The perl script tm_calc.pl reformats and analyzes Tm curves. This document describes the requirements, input format, command line options, processing and output format for the script. The basic command,
> perl tm_calc.pl path/filename.csv
writes the XML output file
path/filename.tmc.csv
containing the original data and values such as
Tm derived from basic analysis of the major transition.
The derived values are also written in a human-readable
comma-separated value table near the top, viewable e.g. in Excel.
The command
> perl tm_calc.pl path/filename.csv -f
fits one or more transition models to the data for each well, and includes derived values for those models in the output file. The command
> perl tm_calc.pl path/filename.csv -w
does the same as -f and also produces a directory structure containing web pages and plots of the observed data and models:
path/filename_fit/
| (for well 1) (well 1, transition 1) |
Use the -h command or see below for more documentation of
command line options.
PROSPERO uses the first two forms of the command for initial input and complete
analysis after well selection, respectively. The third form is useful for
viewing plots when using tm_calc.pl on your own computer.

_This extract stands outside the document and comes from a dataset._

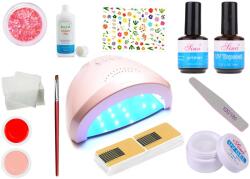 SELA Kit unghii false cu gel uv, nr. 17, lampa led, Ultra Pack, Sela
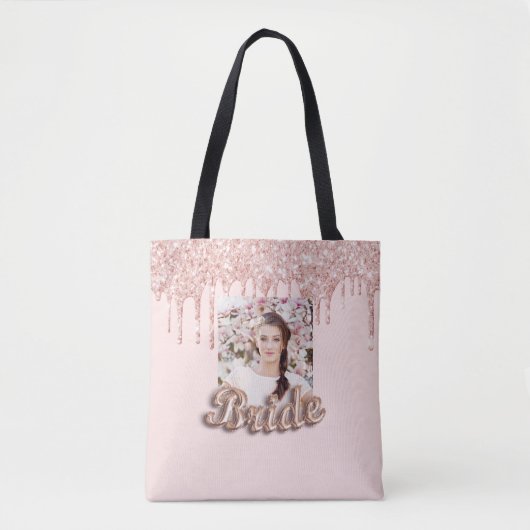 Tote Bag Mariée or rose gold gouttes photo mariage (Devant)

Requirements for running the script
tm_calc.pl ...
", rather than
"perl tm_calc.pl ...
"
The script can read a variety of input formats:
Files in other formats, e.g. with temperature in one row followed by sample header and fluorescence in following rows, will need to be converted e.g. by using Excel's Edit - paste special - transpose to put the data into columns instead of rows.
You can get a help message by running tm_calc.pl with no input, or with -h or --help options. You get a summary of options and defaults. See below for more details on options for input, output, sample selection, fitting and plotting, fit parameters and tracking .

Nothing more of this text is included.